Each skillet can define multiple variables that will be interpolated using the Jinja2 templating language. Each variable defined in the variables list should define the following:

  1. name: The name of the variable found in the skillets. For example:

{{ name }}
  1. description: A brief description of the variable and it’s purpose in the configuration. This will be rendered as the field label in the UI.

  2. default: A valid default value which will be used if no value is provided by the user.

  3. type_hint: Used to constrain the types of values accepted. May be implemented by additional third party tools. Examples are text, text_field, ip_address, password, dropdown, and checkbox.

  4. force_default: The UI will be pre-populated with a value from the loaded environment or with a previously entered value unless this value is set to True.

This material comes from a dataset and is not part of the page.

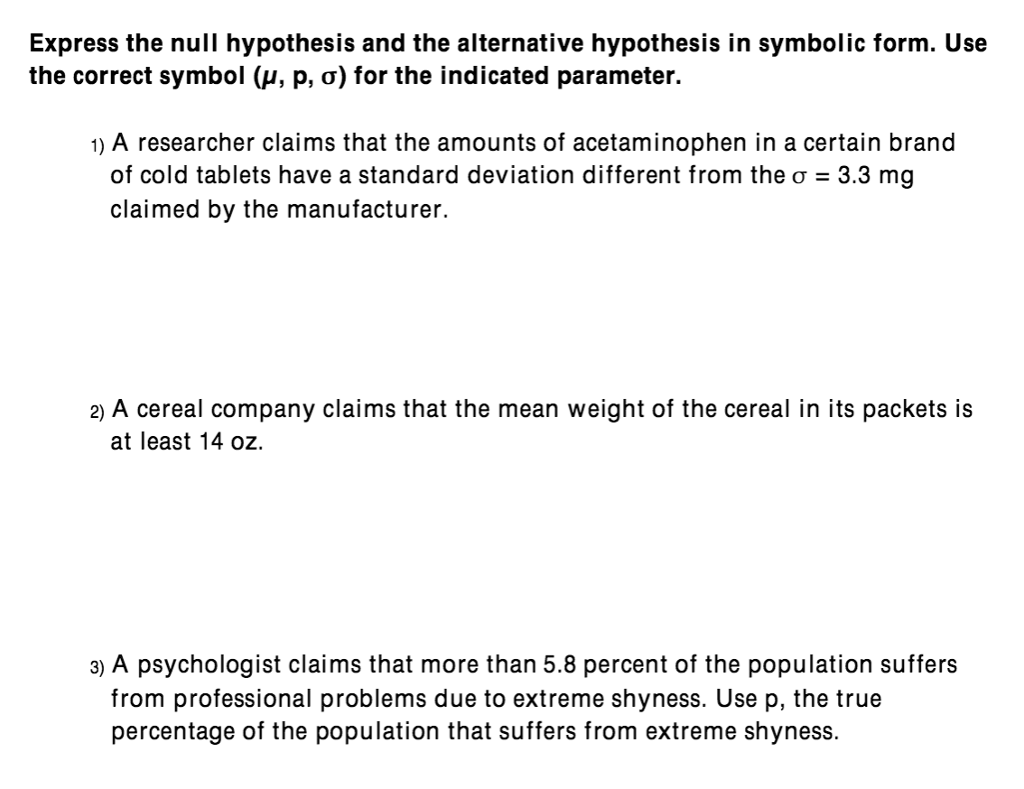 Solved Express The Null Hypothesis And The Alternative Chegg Com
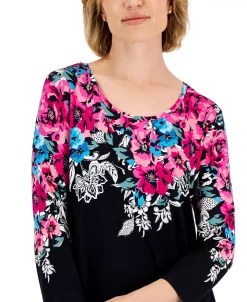 JM Collection Women's Floral Escapade Printed Knit Top, Created For Macy's -Anne Klein Sales Store 22577026 fpx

The default is False. Setting to True will ensure the default value will always be rendered in the panhandler UI.

  5. required: Determines if a value is required for this field. The default is False.

  6. help_text: Optional attribute that will be displayed immediately under the field. This is useful for giving extra information to the user about the purpose of a field.

Note

The variable name must not contain special characters such as ‘-‘ or ‘*’ or spaces. Variable names can be any length and can consist of uppercase and lowercase letters ( A-Z , a-z ), digits ( 0-9 ), and the underscore character ( _ ). An additional restriction is that, although a variable name can contain digits, the first character of a variable name cannot be a digit.

Variable Examples:

Here is an example variable declaration.

- name: FW_NAME
  description: Firewall hostname
  default: panos-01
  type_hint: text
  help_text: Hostname for this firewall.
  allow_special_characters: false
  attributes:
    min: 6
    max: 256

See Variables for a complete reference of all available type_hints.

Hints

Ensuring all variables are defined

When working with a large amount of configuration temlates, it’s easy to miss a variable definition. Use this one-liner to find them all.

cd into a skillet dir and run this to find all configured variables:

grep -r '{{' . |  cut -d'{' -f3 | awk '{ print $1 }' | sort -u

Of, if you have perl available, the following may also catch any configuration commands that may have more than one variable defined:

grep -r '{{' . | perl -pne 'chomp(); s/.*?{{ (.*?) }}/$1\n/g;' | sort -u

YAML Syntax

YAML is notoriously finicky about whitespace and formatting. While it’s a relatively simple structure and easy to learn, it can often also be frustrating to work with, especially for large files. A good reference to use to check your YAML syntax is the YAML Lint site.

Jinja Whitespace control

Care must usually be taken to ensure no extra whitespace creeps into your templates due to Jinja looping constructs or control characters. For example, consider the following fragment:

<dns-servers>
{% for member in CLIENT_DNS_SUFFIX %}
    <member>{{ member }}</member>
{% endfor %}
</dns-servers>

This fragment will result in blank lines being inserted where the ‘for’ and ‘endfor’ control tags are placed. To ensure this does not happen and to prevent any unintentioal whitespace, you can use jinja whitespace control like so:

<dns-servers>
{%- for member in CLIENT_DNS_SUFFIX %}
    <member>{{ member }}</member>
{%- endfor %}
</dns-servers>

Note

Note the ‘-‘ after the leading ‘{%’. This instructs jinja to remove these blank lines in the resulting parsed output template.